39分、左サイドから琉球のFK。大宮に跳ね返されたボールを徳元悠平が再び縦へ。ブロックしながらの反転で大山啓輔を振り切った上門知樹が左サイドをえぐってラストパスを送ると、ニアに詰めた中川風希が右足(もも?)でシュート。

スコアは1-1ながら時間の経過とともに琉球の良さが随所に見られるようになった前半でした。

後半

46分、中村太亮の左からのクロスを中央の大前元紀がヘディングシュート。

53分、上門知樹に一度預け、裏に走りこんで左サイドを突破した中川風希がそのままエリア内に侵入してGK笠原昴史と1対1に。

ココから試合が音を立てて動き始めます。

55分、左サイドでのパス交換から中央でボールを受けた田中恵太がミドルシュート。これがエリア内にいた中川風希の足元に入ると、ワンタッチで右に持ち出してもう一度中央へ。グラウンダーのボールを鈴木孝司がダイレクトで合わせて1-2。琉球が再度勝ち越します。

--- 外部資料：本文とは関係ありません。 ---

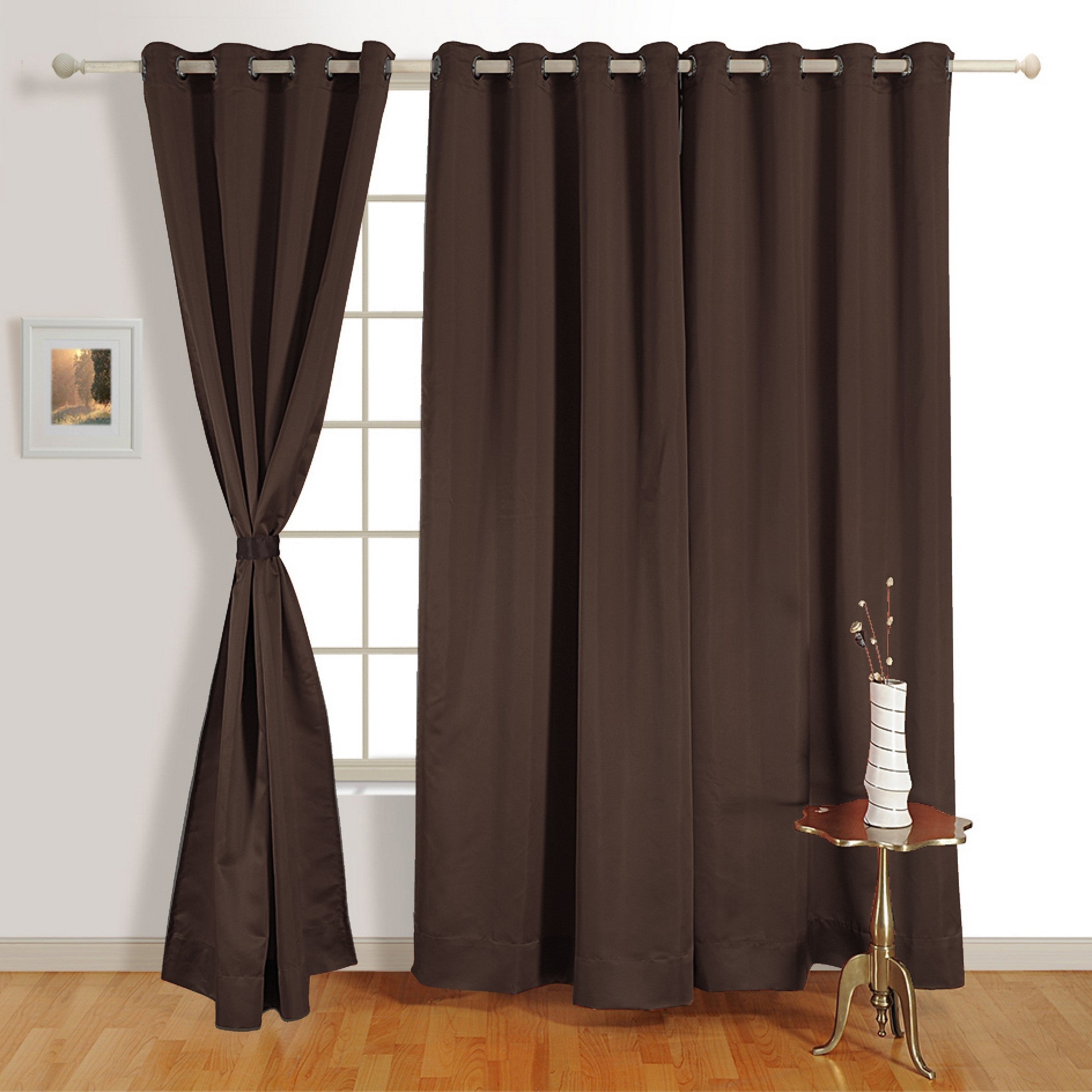 Premium Blackout Solid Chocolate Brown Door Curtains – Set of 2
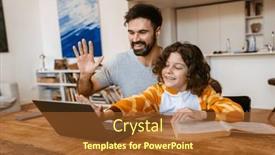  Presentation with father son hands - Presentation design enhanced with cheerful-father-and-his-son background and a tawny brown colored foreground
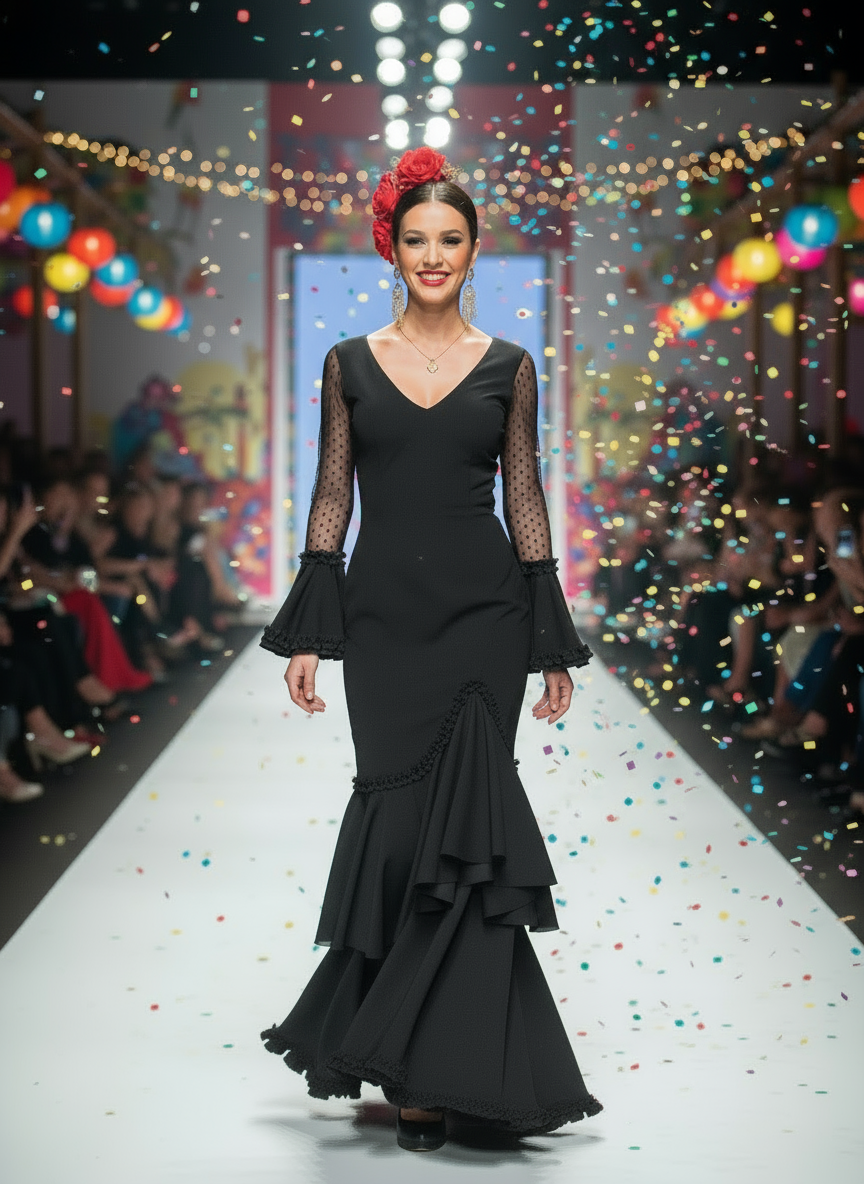 TRAJE FLAMENCA NEGRO EMMA WU DESIGN X FLAMENCA EM223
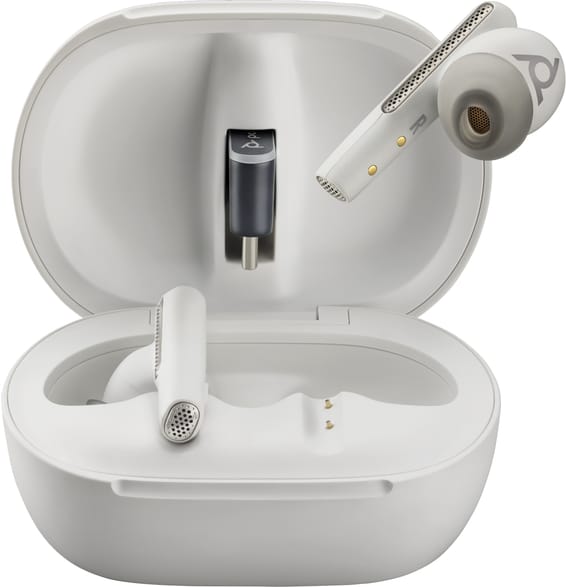 POLY Écouteurs sable blanc Voyager Free 60+ UC + adaptateur USB-C BT700 + étui de charge avec écran tactile (7Y8G6AA)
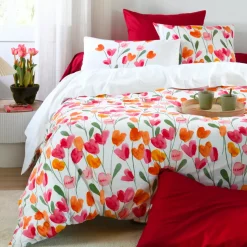 Clearance Federa per cuscino rettangolare in percalle (50 x 70 cm) Tulipa Federe Cuscino Letto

58分、右サイドでボールを受けた西岡大志が、縦パスを田中恵太に預けて前線に飛び出すと、エリア内でリターンパスを受けて中央にラストパス。ニアサイドの鈴木孝司が山越康平を背中でブロックして、ワントラップから右足一閃。ボールは山越康平と笠原昴史の股を抜けて1-3。琉球追加点。

60分、味方のクリアボールをセンターサークル付近で受けた中川風希がそのまま反転から中央をドリブル。相手3バックとの距離を図りながらすぐ左を追い越してきた上門知樹の前にボールを流すと、ワンフェイントから縦へと持ち出して左足でシュートを放ち1-4。さらに突き放します。

62分に小島幹敏、64分に富山貴光、78分に酒井宣福と、交代枠を全て使って何とか琉球ゴールに迫ろうとする大宮ですが、人が変わっても左右からファンマに放り込む戦い方にあまり変化は見られず。

試合がようやく動いたのは85分、菊地光将が縦にくさびを入れると、受けた富山貴光は右サイドへと展開してゴール前へ。渡部大輔が左足に持ち替えて中央にクロスを入れると、エリア内でボールを収めた富山貴光が徳元悠平ともつれ合って転倒。さらにこぼれ球を拾った大山啓輔と増谷幸祐がもつれた所で審判の笛が鳴り、PKの判定。

そのPKを富山貴光が豪快に蹴り込んで2-4。

さらに92分、最終ラインから河面旺成が縦に蹴り込んだボールを富山貴光が胸で落として大山啓輔が左に展開すると、酒井宣福がダイレクトで中央へ。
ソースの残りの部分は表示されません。